Zur Begründung verweist der Comeos-Geschäftsführer auf die in seinen Augen ohnehin schon schwierige Lage des Einzelhandels: Die Preise hierzulande seien bereits höher als in den Nachbarländern und die Gewinnmargen sehr klein, wegen der Steuern und der Lohnkosten. Nicht zu vergessen, dass aus diesen Margen auch noch Investitionen bezahlt werden müssten, etwa für Innovationen und mehr Nachhaltigkeit.
Wettbewerbsfähigkeit erhalten
Die Gewerkschaften wollten die Wettbewerbsfähigkeit belgischer Unternehmen noch schlechter machen, kritisierte Michel. Denn genau das bedeute es, wenn die Kosten noch weiter stiegen und die Flexibilität der Betriebe weiter eingeschränkt werde. Das sei einfach nicht machbar, dann fahre der Sektor gegen die Wand – was im Übrigen ja bereits geschehe.
Comeos fordere ebenfalls schon seit mehr als zehn Jahren eine Anpassung der Systeme zur Sozialen Konzertierung – um die Wettbewerbsfähigkeit zu verbessern wohlgemerkt! Alle Geschäfte, ob nun im Food- oder Non-Food-Bereich, müssten die Freiheit bekommen, sich an Entwicklungen anzupassen, um Jobs zu erhalten.

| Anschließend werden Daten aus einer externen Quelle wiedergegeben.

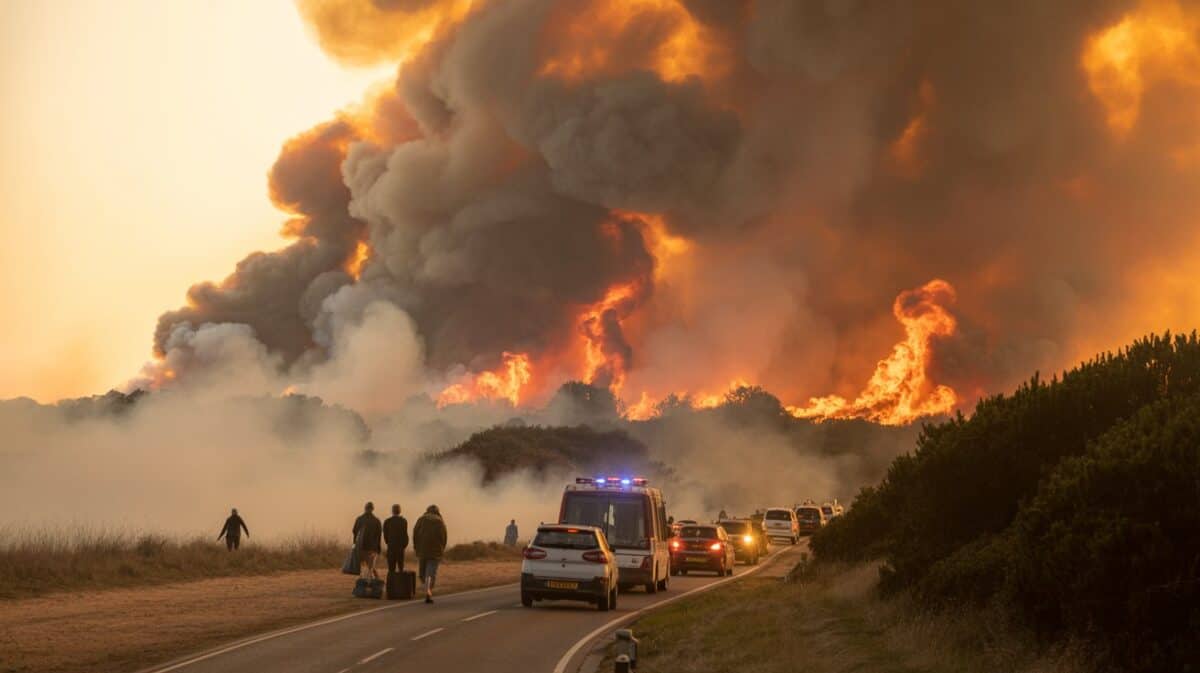 Uk travel thrown into chaos as suffolk wildfire forces holidaymakers to flee dunwich heath and sparks major emergency along the popular coast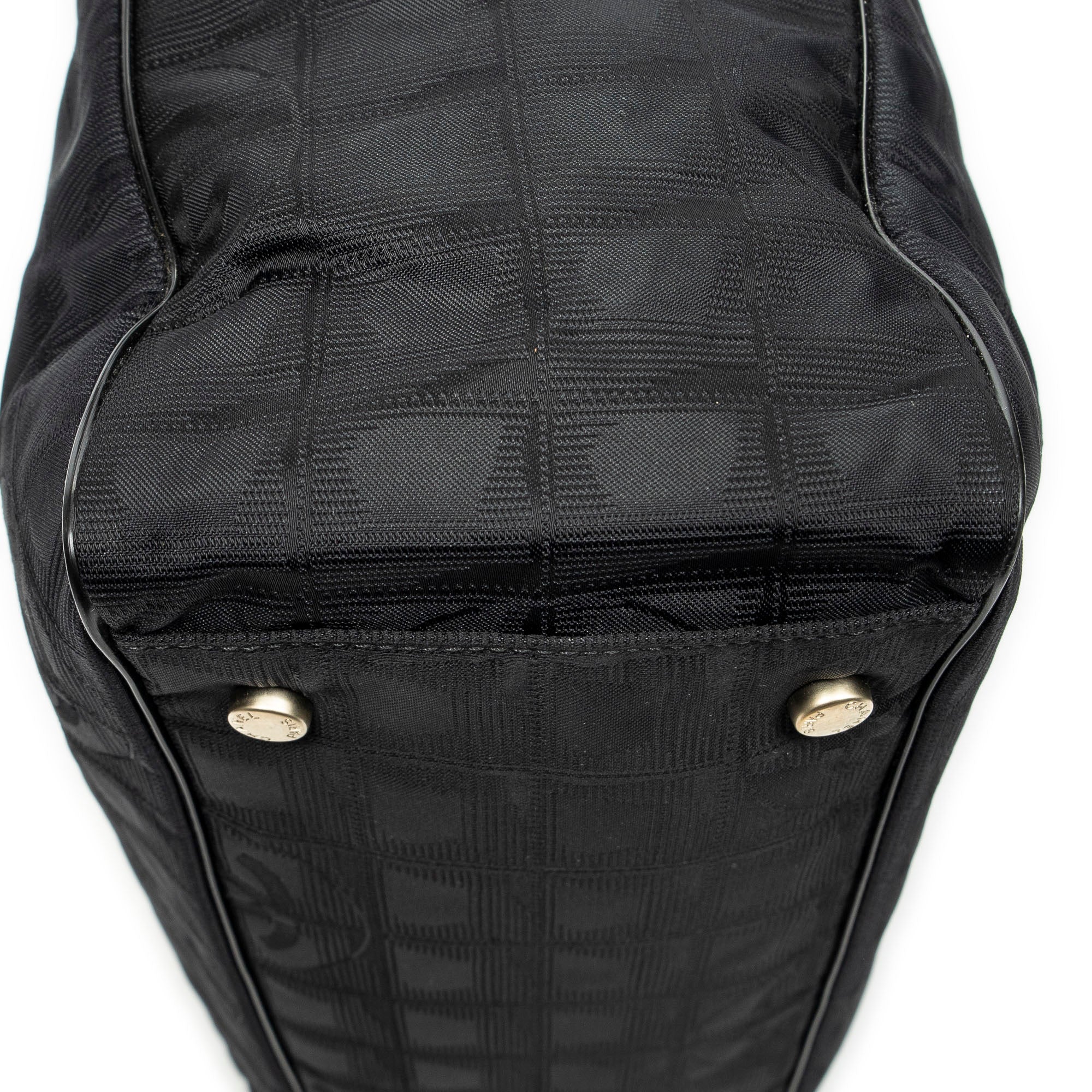 Shoulder Bag New Travel Line Zip Shopping Tote Black New Travel Line Print Nylon Canvas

Die Forderungen der Gewerkschaften hingegen gefährdeten Arbeitsplätze, so der Comeos-Chef, und hier gehe es mit insgesamt 500.000 Angestellten um den größten Sektor des Landes. Die Aufgabe von Comeos und der Gewerkschaften müsse doch sein, dafür zu sorgen, dass die Menschen morgen noch gute Jobs hätten, so Michel, das sei also das, worüber gesprochen werden müsse. Wobei seine Definition von "gut" sich offenbar doch deutlich von der der Gewerkschaften unterscheidet.